Outubro de 2012/Edição 151
28/09/2012
Culto ao marfim
Milhares de elefantes morrem a cada ano para que suas presas sejam transformadas em objetos religiosos. É possível acabar com essa matança?
por Bryan Christy
Fonte: NATIONAL GEOGRAPHIC BRASIL
Foto:
Brent Stirton
Kruba Dharmamuni, o famoso Monge Elefante, mantém os animais em seu
templo na Tailândia. Ativistas o acusam de deixar um elefante morrer de
fome para usar as presas em amuletos. Ele nega
Em janeiro deste ano, uma centena de cavaleiros irrompeu pela fronteira
do Chade, invadiu o Parque Nacional Bouba Ndjidah, em Camarões, e
massacrou centenas de elefantes, em uma das piores matanças isoladas
desde que, em 1989, foi implementada a proibição mundial do comércio de
marfim. Empunhando fuzis AK-47 e lançadores de granada, eles aniquilaram
os elefantes com uma precisão militar que lembrou outra carnificina
ocorrida em 2006 perto do Parque Nacional Zakouma, no Chade. Encerrado o
ataque, alguns fizeram uma pausa a fim de orar a Alá. As carcaças dos
animais são um monumento à cobiça humana; a caça de elefante alcançou os
piores níveis em uma década, e as apreensões de marfim ilegal são as
maiores nos últimos anos. Vistos do céu, os cadáveres formam um cenário
medonho. É possível notar quais animais tentaram fugir e quais mães
morreram ao proteger seus filhotes.
A conexão filipina
Em uma igreja lotada, o monsenhor Cristobal Garcia, um conhecido
colecionador de peças de marfim nas Filipinas, preside a um ritual
inusitado em torno de uma das mais importantes imagens religiosas do
país, o Santo Niño de Cebu (o Menino Jesus de Cebu). A cerimônia, por
ele realizada todos os anos em Cebu, é conhecida como Hubo, que, em
cebuano, significa “desvestir”. Diversos coroinhas unem-se para despir
uma estatueta de madeira de Cristo vestido como rei, a réplica de um
ícone que, acreditam os fiéis, foi levado à ilha por Fernão de
Magalhães, em 1521. Eles retiram a coroa, a túnica vermelha e as
minúsculas botas, assim como as roupas de baixo sobrepostas.
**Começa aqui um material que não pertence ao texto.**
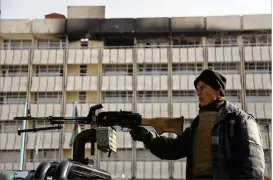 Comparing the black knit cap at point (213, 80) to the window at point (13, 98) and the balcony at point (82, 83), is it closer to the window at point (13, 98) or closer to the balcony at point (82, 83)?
the balcony at point (82, 83)

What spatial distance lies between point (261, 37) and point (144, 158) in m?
13.6

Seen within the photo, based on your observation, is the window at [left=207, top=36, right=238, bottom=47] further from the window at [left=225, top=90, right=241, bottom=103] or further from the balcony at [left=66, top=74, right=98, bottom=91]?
the balcony at [left=66, top=74, right=98, bottom=91]

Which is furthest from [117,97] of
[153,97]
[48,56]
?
[48,56]

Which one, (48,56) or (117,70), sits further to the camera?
(117,70)

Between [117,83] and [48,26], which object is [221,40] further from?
[48,26]

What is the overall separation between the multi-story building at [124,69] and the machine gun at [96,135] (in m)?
36.9

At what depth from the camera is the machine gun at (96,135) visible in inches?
87.4

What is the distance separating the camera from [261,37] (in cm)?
4250

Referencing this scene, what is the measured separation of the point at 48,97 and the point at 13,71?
361 centimetres

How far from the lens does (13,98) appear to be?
4188cm

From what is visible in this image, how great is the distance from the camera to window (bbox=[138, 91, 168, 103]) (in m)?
41.4

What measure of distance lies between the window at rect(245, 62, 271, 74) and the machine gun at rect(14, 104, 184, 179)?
1537 inches

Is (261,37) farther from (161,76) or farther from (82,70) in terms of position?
(82,70)

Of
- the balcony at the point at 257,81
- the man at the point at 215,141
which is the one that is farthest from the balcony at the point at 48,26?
the man at the point at 215,141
Em seguida,
o monsenhor apanha a estatueta, oculta pelos coroinhas com uma
toalhinha branca, e a mergulha em barris com água, criando assim o
estoque anual de água benta da paróquia, que depois será comercializado
em garrafinhas.
Garcia é um homem corpulento, com a pálpebra esquerda caída e problema
nos joelhos. Em meados da década de 1980, era padre na igreja quando foi
acusado de abusar de um adolescente. Afastado das funções, retornou às
Filipinas, foi promovido a monsenhor e tornou-se o responsável pela
Comissão Arquidiocesana de Liturgia. Com isso, tornou-se chefe do
protocolo da maior arquidiocese católica no país, um rebanho de 4
milhões de fiéis em um país que conta com 75 milhões de católicos – a
terceira maior congregação dessa fé no mundo. O monsenhor é conhecido
fora de Cebu. Em 1990, o papa João Paulo II abençoou o Santo Niño por
ocasião de uma visita do prelado a Castel Gandolfo, a residência de
verão do pontífice.
Para alguns filipinos, o Santo Niño de Cebu é o próprio Cristo. No
século 16, os espanhóis consideraram milagrosa a imagem, e a usaram para
converter a população local, fazendo da estatueta de madeira, hoje
guardada em uma vitrine à prova de bala na Basílica Minore del Santo
Niño, em Cebu, o próprio fundamento do catolicismo filipino. “Todo
filipino, mesmo os sem-teto, tem uma imagem do Santo Niño”, afirma o
padre Vicente Lina Jr., que prefere ser chamado de “padre Jay” e é
diretor do Museu Diocesano de Malolos.
Todo mês de janeiro, 2 milhões de fiéis afluem a Cebu para participar
da procissão encabeçada pelo Santo Niño. A maioria leva estatuetas, e
muitos acreditam que a devoção investida em seus ícones vai se refletir
nas bênçãos que podem receber. Por esse motivo, para alguns, não basta a
estatueta feita de fibra de vidro ou de madeira; o ideal é que ela seja
de marfim de elefante.
Avanço com a multidão durante a missa celebrada por Garcia, mas, no
momento de comungar, me ajoelho em vez de permanecer em pé diante do
sacerdote. “O corpo de Cristo”, entoa Garcia. “Amém”, respondo e abro a
boca.
Depois da missa, conto a Garcia que sou de national geographic, e
marcamos um encontro para ele falar sobre o Santo Niño. A antessala de
seu gabinete é um minimuseu, repleto de grandes estátuas religiosas com
cabeça e mãos de marfim. Em geral, os filipinos possuem dois tipos de
santo: ou imagens ou então estatuetas sólidas de madeira cujas mãos e
cabeça, às vezes em tamanho natural, são de marfim. Garcia é o principal
dentre proeminentes colecionadores que, durante a Festa do Santo Niño,
cedem suas peças para exposições nos melhores shoppings e hotéis de
Cebu. Certa vez, reunidos para discutir a formalização oficial do grupo,
um dos membros, advogado, exclamou, referindo-se à remuneração para a
tramitação do processo: “Meus honorários vocês podem pagar em marfim”.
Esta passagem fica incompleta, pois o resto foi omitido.